Ich möchte ganz offen mit euch sein, dieses Spiel hat mich von der ersten bis zur letzten Minute verzaubert. In Sachen Cel-Shading habe ich zwar schon schönere Werke gesehen, aber das ganze Charakter- und Umgebungsdesign fügt sich harmonisch zusammen und ist schlichtweg wunderschön. Besonders Kat und ihre Zauberkatze sind ein unglaublich sympathisches Duo und ziehen den Spieler unweigerlich auf ihre Seite. Doch auch die anderen Charaktere wirken interessant und geben ein Gefühl von emotionaler Tiefe wieder. Es wird euch zur Welt und wie sie funktioniert nicht viel erklärt – und das macht einen Großteil der Faszination von Gravity Rush aus. Was ist das für eine komische Stadt? Warum hängt alles an einer riesigen Säule? Wer ist Kat eigentlich und wo kommt sie her? Warum rückt ihr die kraftverleihende Katze nicht von der Pelle? Was hat es mit den schwarzen Monstern, den Nevi, auf sich?

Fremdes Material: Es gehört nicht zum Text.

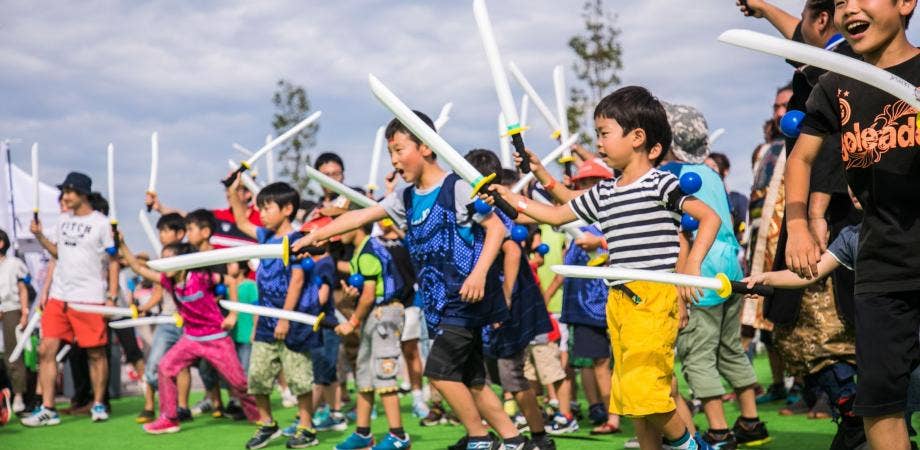 大磯まつり2025　チャンバラ合戦イメージ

Soviel vorweg: Nach dem Durchspielen der Hauptstory sind noch viele Fragen offen und lassen auf eine Fortsetzung hoffen, denn ich möchte mehr von dieser Welt sehen.

Ein Spiel wie ein wunderschöner Traum

Gerade die vielen ungreifbaren, seltsamen Dinge in Gravity Rush wissen jedoch zu verzaubern. Denn obwohl die Welt irrational erscheint, funktioniert sie wie ein Uhrwerk auch sehr schlüssig. Ich fühlte mich auch oft an den Film Chihiros Reise ins Zauberland aus dem Studio Ghibli erinnert. Dies liegt auch am durchgehend fantastischen Orchestersoundtrack von Kōhei Tanaka, der schon seit 30 Jahren für Anime-Produktionen und Videospiele Musik komponiert und hier vielleicht einige seiner besten Werke abliefert hat. Seien es die ruhigen Töne im Wohnviertel, flotter Jazz im Vergnügungsviertel, heroische Kampfmusik oder melancholische Melodien bei dramatischen Gesprächen – hier wurde alles richtig gemacht. Da in Gravity Rush viel über Texte abläuft und wenig gesprochen wird, wirkt die Musik auch wesentlich prägnanter.

Comics zum Anfassen

Es gibt zwar Ingame-Cutscenes, die meisten Zwischensequenzen und Gespräche erlebt ihr jedoch als interaktiven Comic bzw. Manga. Die Panels sind dabei liebevoll gezeichnet und spielen auch geschickt mit dem Bewegungssensor der PS Vita. Je nachdem, wie ihr euren Handheld ausrichtet, verschieben sich die Panels und die Figuren mitsamt der Sprechblasen darin – das erzeugt einen ziemlich coolen 3D-Effekt und lässt mich nach der nächsten PS Vita-App schreien: E-Comics. Es gibt zwar auch Sprachausgabe, allerdings wird eine leicht japanisch anmutende Fantasie-Sprache gesprochen. Normalerweise bin ich kein Freund von Standbild-Zwischensequenzen, aber der sexy Comic-Look gefiel mir tatsächlich ausgesprochen gut und passt ausgezeichnet zum grafischen Konzept des Spiels.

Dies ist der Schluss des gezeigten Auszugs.